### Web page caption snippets
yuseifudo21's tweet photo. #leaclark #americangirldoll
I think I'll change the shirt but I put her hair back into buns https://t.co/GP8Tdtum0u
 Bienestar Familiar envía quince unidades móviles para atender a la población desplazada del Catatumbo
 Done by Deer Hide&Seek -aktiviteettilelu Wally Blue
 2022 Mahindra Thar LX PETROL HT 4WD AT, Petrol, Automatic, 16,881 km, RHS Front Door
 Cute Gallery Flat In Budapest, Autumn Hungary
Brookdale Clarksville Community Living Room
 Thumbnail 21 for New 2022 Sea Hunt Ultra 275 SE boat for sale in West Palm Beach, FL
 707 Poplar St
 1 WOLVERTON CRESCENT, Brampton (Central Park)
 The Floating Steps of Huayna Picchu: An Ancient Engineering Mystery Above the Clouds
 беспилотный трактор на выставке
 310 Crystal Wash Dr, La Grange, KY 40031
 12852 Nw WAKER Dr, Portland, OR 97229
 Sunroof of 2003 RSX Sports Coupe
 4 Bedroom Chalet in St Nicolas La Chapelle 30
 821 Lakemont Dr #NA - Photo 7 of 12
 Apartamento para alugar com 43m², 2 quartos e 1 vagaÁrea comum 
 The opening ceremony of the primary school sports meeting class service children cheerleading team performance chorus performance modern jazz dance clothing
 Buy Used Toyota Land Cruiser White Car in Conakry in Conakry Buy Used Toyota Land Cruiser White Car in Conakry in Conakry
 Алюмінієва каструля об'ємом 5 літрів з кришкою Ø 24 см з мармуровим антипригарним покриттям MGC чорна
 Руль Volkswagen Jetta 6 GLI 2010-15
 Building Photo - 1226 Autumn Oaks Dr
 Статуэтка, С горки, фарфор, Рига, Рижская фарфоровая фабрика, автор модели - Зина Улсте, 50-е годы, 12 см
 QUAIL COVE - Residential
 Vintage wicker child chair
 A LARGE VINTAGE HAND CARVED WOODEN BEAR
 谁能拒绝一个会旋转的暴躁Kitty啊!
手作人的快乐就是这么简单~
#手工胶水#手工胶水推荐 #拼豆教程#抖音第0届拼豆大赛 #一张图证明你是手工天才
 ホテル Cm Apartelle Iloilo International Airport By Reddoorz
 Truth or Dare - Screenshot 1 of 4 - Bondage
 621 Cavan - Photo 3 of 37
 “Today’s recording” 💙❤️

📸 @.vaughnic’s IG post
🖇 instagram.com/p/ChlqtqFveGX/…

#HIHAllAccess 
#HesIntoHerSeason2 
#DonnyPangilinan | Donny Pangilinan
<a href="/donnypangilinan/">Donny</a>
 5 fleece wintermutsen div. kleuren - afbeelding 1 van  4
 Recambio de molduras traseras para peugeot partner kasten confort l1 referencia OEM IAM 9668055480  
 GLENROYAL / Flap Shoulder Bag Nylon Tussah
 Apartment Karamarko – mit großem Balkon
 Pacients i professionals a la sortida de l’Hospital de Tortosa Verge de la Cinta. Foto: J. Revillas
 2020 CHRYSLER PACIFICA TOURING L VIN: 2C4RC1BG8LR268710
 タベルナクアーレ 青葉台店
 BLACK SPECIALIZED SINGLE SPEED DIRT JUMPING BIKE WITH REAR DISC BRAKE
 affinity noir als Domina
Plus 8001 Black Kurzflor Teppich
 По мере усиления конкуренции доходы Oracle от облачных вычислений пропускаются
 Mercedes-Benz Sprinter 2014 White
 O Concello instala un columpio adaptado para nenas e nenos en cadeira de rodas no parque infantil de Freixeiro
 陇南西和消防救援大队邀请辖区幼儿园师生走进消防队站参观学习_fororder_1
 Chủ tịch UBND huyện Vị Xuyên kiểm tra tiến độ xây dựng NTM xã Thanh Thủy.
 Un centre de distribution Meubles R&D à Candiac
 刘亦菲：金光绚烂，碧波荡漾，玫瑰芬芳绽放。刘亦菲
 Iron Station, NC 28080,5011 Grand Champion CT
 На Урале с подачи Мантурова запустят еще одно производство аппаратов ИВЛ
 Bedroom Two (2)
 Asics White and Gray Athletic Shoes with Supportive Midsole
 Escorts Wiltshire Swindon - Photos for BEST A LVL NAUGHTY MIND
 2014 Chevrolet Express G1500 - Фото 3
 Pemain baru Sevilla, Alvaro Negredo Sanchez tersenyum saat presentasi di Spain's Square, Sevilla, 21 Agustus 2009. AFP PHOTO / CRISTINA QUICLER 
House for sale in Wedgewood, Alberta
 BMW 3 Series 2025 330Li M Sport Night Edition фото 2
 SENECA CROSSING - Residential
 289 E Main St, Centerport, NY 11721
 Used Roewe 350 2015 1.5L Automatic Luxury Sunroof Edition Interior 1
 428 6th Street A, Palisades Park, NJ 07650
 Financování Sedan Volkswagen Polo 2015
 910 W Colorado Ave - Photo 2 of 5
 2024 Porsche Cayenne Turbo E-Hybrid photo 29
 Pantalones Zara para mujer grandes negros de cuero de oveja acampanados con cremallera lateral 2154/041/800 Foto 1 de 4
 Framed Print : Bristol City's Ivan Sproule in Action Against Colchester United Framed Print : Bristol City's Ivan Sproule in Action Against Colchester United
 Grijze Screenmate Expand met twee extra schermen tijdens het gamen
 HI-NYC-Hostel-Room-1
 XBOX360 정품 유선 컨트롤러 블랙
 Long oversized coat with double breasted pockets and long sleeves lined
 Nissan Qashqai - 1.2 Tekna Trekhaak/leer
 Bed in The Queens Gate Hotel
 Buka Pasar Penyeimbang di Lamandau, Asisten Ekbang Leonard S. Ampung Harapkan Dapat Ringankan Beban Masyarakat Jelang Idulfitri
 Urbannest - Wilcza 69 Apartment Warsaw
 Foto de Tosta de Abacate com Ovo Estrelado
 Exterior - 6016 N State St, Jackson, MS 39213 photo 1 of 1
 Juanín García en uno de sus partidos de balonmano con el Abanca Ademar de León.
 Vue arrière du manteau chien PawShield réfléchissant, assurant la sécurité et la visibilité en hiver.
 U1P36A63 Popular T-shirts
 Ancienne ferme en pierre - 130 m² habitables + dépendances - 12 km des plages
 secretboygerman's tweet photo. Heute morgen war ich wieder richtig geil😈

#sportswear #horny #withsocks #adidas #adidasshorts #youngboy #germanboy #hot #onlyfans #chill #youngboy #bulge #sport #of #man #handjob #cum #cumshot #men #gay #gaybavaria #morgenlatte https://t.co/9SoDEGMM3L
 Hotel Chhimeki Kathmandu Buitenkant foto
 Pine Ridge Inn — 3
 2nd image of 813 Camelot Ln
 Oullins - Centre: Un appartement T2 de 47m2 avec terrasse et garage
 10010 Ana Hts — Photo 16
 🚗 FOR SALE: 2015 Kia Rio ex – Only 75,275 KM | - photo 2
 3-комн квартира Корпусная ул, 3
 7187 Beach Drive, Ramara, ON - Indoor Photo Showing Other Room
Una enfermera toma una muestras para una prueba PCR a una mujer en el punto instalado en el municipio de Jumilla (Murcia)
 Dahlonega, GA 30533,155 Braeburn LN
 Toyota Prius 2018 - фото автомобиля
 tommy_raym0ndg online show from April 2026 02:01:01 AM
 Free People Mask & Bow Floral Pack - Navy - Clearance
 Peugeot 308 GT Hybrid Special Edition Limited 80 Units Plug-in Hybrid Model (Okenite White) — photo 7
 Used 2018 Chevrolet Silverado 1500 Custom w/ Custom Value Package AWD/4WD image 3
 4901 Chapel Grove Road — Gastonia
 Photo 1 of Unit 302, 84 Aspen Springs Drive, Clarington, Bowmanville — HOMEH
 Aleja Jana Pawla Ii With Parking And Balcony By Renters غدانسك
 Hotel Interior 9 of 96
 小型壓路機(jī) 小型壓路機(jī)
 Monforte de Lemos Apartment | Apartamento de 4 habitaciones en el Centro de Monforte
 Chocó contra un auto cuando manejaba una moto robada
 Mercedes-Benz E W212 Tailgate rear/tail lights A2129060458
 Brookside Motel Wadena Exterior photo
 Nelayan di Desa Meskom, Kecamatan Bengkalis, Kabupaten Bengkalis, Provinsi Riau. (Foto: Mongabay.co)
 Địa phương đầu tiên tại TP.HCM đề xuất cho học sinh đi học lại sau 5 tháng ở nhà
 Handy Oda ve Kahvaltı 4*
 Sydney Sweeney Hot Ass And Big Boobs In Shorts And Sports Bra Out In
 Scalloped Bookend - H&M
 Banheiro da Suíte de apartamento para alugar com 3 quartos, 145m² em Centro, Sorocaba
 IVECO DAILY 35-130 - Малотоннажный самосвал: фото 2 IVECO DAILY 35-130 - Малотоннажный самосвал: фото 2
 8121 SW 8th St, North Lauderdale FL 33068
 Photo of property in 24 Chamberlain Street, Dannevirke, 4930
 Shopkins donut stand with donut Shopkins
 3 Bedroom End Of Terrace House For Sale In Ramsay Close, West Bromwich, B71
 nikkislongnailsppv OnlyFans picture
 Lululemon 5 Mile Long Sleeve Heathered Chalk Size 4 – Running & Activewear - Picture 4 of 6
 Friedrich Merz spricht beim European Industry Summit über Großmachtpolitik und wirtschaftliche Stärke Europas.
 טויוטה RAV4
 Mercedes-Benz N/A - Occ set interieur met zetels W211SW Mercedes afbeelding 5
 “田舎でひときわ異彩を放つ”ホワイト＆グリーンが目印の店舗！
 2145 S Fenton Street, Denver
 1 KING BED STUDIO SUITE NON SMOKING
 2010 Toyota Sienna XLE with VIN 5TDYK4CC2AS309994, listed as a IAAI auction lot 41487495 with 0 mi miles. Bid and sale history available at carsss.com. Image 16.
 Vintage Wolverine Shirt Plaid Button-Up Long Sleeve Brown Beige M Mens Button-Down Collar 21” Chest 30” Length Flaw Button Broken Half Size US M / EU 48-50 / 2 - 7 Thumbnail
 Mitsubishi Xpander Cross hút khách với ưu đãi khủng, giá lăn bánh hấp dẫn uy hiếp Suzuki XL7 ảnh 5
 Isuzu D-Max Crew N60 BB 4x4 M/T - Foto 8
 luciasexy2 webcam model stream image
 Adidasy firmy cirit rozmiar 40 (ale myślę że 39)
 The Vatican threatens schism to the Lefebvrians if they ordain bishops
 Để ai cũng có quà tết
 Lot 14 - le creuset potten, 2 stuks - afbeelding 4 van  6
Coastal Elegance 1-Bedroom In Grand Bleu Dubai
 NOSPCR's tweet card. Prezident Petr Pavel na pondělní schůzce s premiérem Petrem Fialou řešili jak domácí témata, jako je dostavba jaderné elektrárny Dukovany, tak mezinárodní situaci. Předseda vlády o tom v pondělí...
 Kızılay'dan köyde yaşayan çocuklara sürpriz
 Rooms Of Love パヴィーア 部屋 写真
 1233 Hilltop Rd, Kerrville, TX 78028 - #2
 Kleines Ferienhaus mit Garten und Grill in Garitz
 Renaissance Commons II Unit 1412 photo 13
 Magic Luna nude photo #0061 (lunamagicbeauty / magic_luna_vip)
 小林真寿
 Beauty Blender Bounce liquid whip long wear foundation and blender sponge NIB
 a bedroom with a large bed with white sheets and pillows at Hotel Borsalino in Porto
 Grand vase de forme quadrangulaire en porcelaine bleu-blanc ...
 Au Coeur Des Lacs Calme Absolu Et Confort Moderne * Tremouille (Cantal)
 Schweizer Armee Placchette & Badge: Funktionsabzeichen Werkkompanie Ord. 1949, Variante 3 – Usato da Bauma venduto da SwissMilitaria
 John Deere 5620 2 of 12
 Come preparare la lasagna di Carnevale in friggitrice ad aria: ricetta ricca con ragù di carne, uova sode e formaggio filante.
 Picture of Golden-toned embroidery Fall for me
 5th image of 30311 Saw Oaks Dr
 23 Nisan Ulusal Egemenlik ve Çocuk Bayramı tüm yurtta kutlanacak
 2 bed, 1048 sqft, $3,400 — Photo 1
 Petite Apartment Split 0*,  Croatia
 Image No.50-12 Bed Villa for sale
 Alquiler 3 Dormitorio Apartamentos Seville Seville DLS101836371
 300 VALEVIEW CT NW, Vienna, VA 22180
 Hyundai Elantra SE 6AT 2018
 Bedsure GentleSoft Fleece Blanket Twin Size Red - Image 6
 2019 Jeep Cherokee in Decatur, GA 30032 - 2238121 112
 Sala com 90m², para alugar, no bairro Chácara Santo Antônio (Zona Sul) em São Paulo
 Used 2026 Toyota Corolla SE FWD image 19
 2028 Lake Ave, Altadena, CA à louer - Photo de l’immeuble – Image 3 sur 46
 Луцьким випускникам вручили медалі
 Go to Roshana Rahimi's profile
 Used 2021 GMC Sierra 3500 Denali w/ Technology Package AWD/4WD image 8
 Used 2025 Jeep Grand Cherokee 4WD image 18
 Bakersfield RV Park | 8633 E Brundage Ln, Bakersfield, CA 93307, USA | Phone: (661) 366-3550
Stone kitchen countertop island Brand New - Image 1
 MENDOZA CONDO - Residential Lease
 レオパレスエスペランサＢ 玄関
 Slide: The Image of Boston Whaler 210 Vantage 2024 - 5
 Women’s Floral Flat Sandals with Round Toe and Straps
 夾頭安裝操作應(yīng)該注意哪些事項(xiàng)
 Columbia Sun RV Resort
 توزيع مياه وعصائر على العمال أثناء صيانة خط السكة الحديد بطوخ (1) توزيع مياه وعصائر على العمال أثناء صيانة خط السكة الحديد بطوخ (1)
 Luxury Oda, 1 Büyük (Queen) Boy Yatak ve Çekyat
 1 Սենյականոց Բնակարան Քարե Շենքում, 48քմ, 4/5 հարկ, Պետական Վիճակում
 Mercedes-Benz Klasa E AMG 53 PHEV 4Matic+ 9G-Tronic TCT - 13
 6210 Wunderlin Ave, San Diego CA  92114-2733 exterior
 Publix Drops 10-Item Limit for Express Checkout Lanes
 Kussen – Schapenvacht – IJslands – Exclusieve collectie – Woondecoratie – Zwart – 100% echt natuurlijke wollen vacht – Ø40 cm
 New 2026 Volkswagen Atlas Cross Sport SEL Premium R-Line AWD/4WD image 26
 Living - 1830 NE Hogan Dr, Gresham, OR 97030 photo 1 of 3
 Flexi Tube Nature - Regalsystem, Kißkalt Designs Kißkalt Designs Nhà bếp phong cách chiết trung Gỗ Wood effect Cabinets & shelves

### What the exercise asks
Which lines in the records above hold the string "Drive"? Copy each of them.

### Response
 7187 Beach Drive, Ramara, ON - Indoor Photo Showing Other Room
 Photo 1 of Unit 302, 84 Aspen Springs Drive, Clarington, Bowmanville — HOMEH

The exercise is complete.